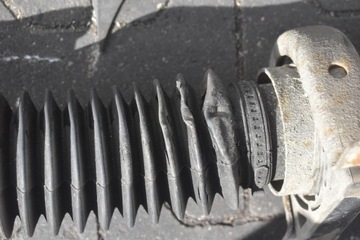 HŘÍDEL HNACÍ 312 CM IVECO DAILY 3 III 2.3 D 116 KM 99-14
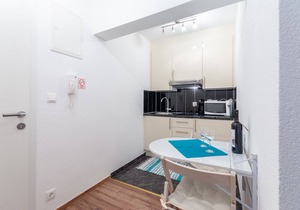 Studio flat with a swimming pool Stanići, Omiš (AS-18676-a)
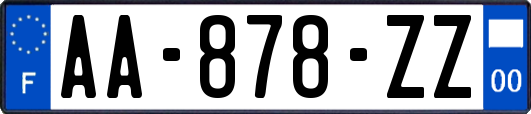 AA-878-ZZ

--

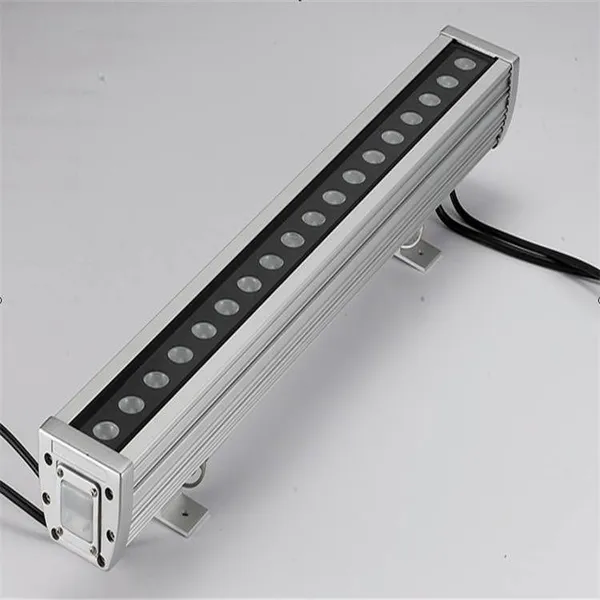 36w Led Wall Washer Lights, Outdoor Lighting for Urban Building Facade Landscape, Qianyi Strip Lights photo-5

==

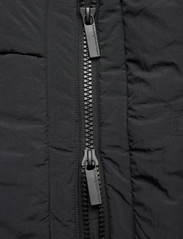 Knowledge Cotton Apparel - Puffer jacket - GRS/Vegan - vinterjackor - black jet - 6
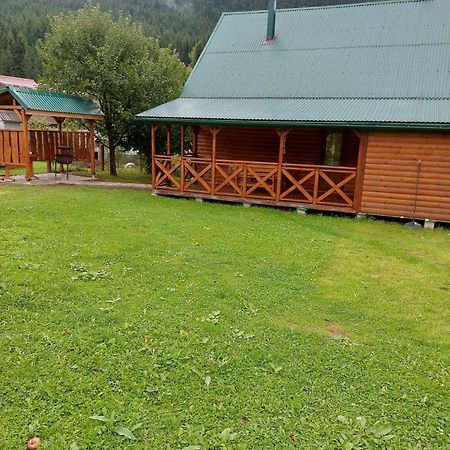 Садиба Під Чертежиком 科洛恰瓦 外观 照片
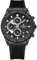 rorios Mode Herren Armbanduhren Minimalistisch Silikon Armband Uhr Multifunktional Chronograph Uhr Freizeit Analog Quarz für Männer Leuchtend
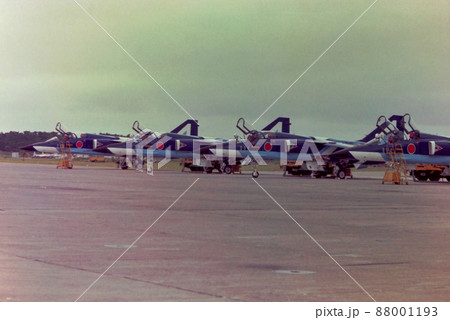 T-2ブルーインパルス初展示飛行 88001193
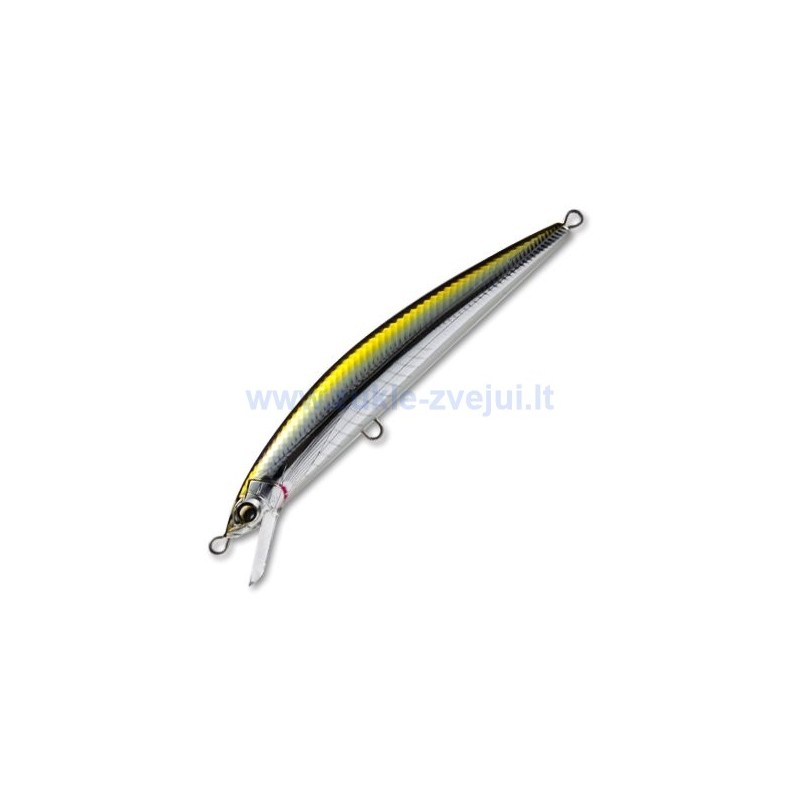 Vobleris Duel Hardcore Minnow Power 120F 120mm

# Exercise:
What is needed is an exact copy of the lines above, from the one holding "rorios Mode Herren" down to the one holding "Vobleris Duel Hardcore", with those two included and the pictures left out.

# Written solution:
 rorios Mode Herren Armbanduhren Minimalistisch Silikon Armband Uhr Multifunktional Chronograph Uhr Freizeit Analog Quarz für Männer Leuchtend
 T-2ブルーインパルス初展示飛行 88001193
 Vobleris Duel Hardcore Minnow Power 120F 120mm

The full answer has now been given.